The album also includes an elegant ode to a kindred spirit, the late British singer-songwriter Nick Drake, whose untimely death served as a cautionary tale for Owen. "Your gift was your curse/ You were best through the worst," she sings on "Nicholas Drake," and confirms during a long, rambling phone conversation that, "I identify with him completely. My game face is confident and powerful. I was trained as an actress. But after meetings, I'd shut myself in a room for two weeks. I had no skills to live."

Owen left Britain and moved to the United States in 1993, the year she met Shearer in a London hotel lobby -- she had a weeklong brunch gig, and the "This Is Spinal Tap" star was dining in full Derek Smalls facial hair and metal gear. Two months later she packed her bags, flew to Los Angeles, and asked Shearer to marry her. The pair now divide their time between homes in Santa Monica, Calif., and New Orleans. "I came here because I was in love," Owen says, "but also because I was lost and ill and really felt in my gut that this was maybe the last chance to be OK."

Owen self-released her debut album, "Emotions on a Postcard," in 1996, and it drew the attention of several major labels. Superproducer Glen Ballard (Alanis Morissette) signed Owen to his Capitol Records imprint Java and told her that she was going to be Joni Mitchell and Carole King combined. But soon after the album was finished at the end of 2000, Capitol became embroiled in corporate restructuring and "everything went to hell in a handbasket," Owen says. "I will never get into that situation again."

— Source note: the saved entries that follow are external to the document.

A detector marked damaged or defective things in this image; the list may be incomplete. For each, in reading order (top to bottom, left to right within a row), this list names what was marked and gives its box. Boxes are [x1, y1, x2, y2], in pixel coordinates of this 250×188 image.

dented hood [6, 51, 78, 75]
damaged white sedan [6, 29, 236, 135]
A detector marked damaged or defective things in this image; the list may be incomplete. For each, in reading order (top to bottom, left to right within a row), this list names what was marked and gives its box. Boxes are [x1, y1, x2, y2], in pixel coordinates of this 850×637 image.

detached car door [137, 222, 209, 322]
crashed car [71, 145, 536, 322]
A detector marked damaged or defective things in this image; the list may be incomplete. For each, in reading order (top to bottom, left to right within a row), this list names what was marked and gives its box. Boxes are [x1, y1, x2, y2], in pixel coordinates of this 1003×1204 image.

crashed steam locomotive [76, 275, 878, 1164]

After much legal wrangling, Owen bought the disc back and recouped her costs almost immediately by placing some of the songs in films and television shows. She now releases her albums, which arrive annually, on her own Courgette label.

Owen also performs original musical-comedy sketches with her husband and records and tours frequently with British folk-rock icon (and Fairport Convention founder) Thompson, who names Owen's musical intelligence as her distinguishing quality.

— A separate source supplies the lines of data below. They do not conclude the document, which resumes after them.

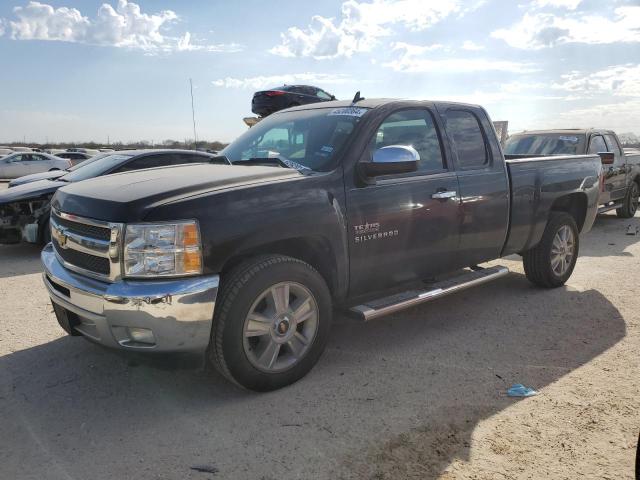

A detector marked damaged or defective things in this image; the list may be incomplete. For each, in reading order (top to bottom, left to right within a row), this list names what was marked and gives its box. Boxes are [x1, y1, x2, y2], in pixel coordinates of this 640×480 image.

damaged car [0, 149, 229, 244] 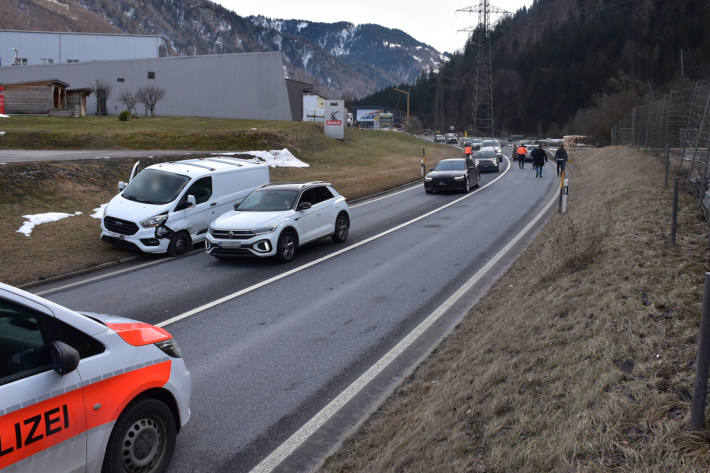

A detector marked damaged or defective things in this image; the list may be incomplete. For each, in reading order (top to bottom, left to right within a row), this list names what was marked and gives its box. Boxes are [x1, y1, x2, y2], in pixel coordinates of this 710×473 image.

damaged white van [103, 158, 272, 254] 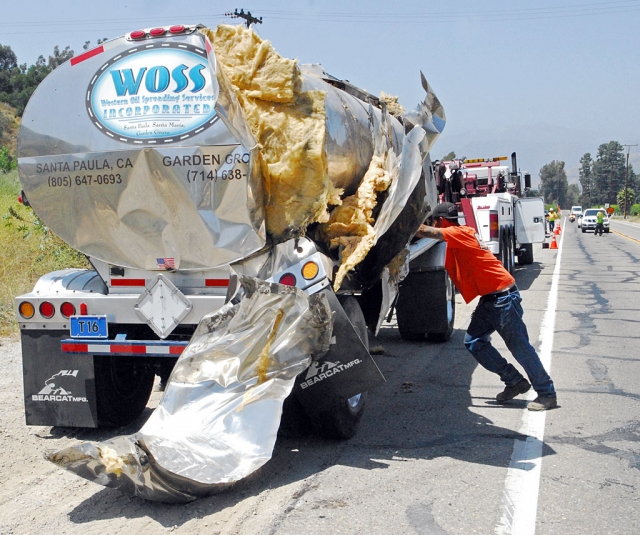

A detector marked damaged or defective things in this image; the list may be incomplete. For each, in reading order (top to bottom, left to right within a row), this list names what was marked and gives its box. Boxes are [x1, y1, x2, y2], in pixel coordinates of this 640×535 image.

crumpled aluminum sheeting [44, 278, 332, 504]
damaged tanker truck [13, 23, 444, 502] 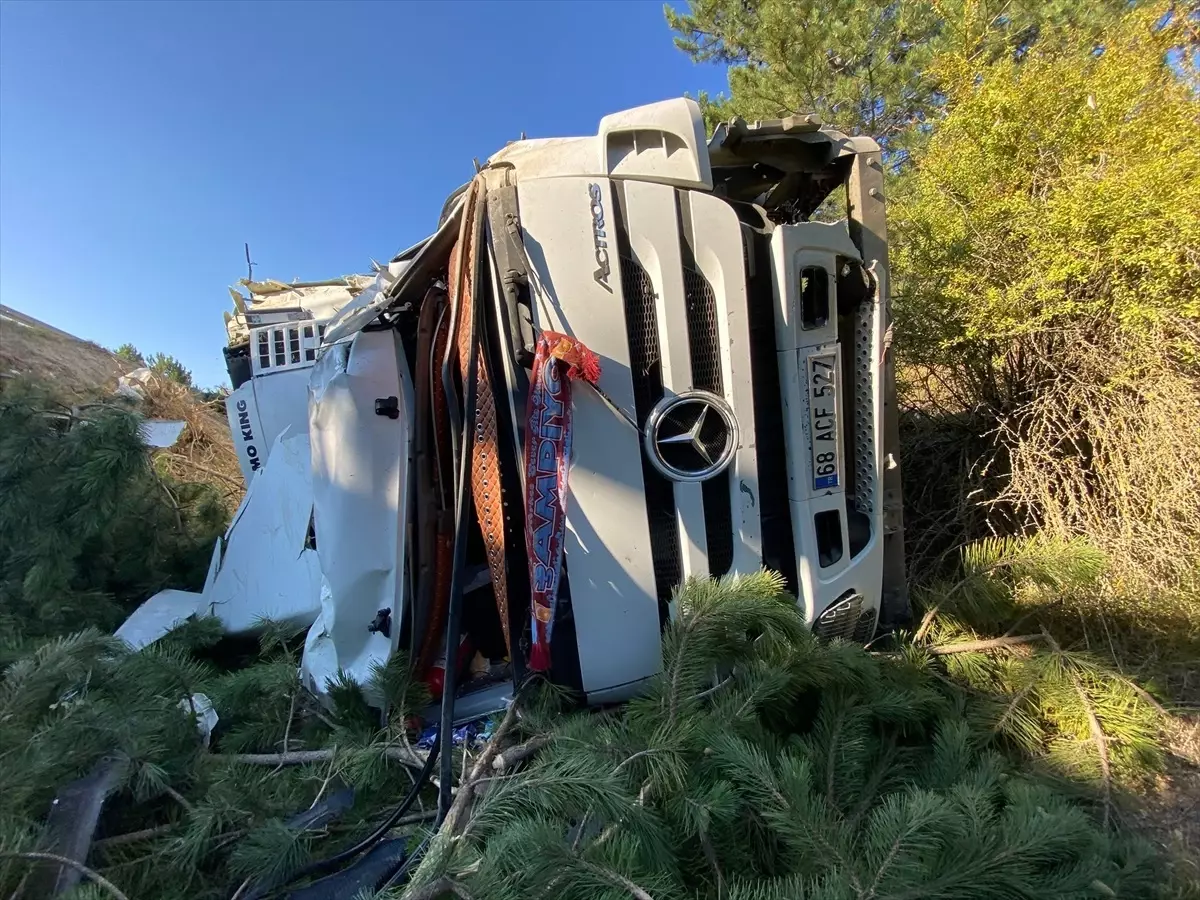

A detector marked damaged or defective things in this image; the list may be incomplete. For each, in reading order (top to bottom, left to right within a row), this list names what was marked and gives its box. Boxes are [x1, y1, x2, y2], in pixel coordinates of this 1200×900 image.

overturned mercedes truck [124, 98, 908, 716] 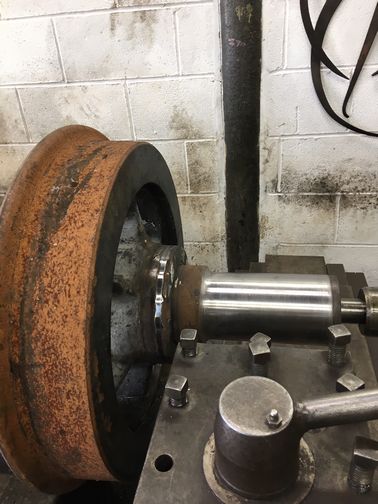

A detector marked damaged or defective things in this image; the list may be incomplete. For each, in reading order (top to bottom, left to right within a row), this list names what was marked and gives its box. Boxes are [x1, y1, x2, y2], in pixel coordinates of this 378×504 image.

orange rust on wheel [0, 125, 183, 492]
rusty train wheel [0, 125, 184, 492]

"She has good instincts. She makes good decisions," Thompson says. "There are bucketloads of singer-songwriters and piano players out there, but Judith has the greatest gift of all: individuality."

In today's fiscally stressed, niche-marketed industry, though, individuality isn't generally rewarded with commercial success. Even if she wanted it, the major-label machine would be unlikely to throw its weight behind Owen's old-school, genre-spanning songcraft. Still, for a long time Owen believed that adoring throngs were her ticket to happiness, and that her inability to cope with "the business" was derailing her dreams. So it was a life-altering epiphany for Owen when it dawned on her that all the small steps -- the crappy gigs and indie albums and unheralded creative strides -- are the reason she's here today.

"Here's how you know you haven't failed," Owen says. "When you realize, through therapy, of course, that you might have ended up like Nick Drake, that you do what you do when you can do it, that hiding out and retreating from the hoopla saved my life. And you hope that when beautiful things happen, you are in a place to receive it with gratitude, and not be destroyed by it."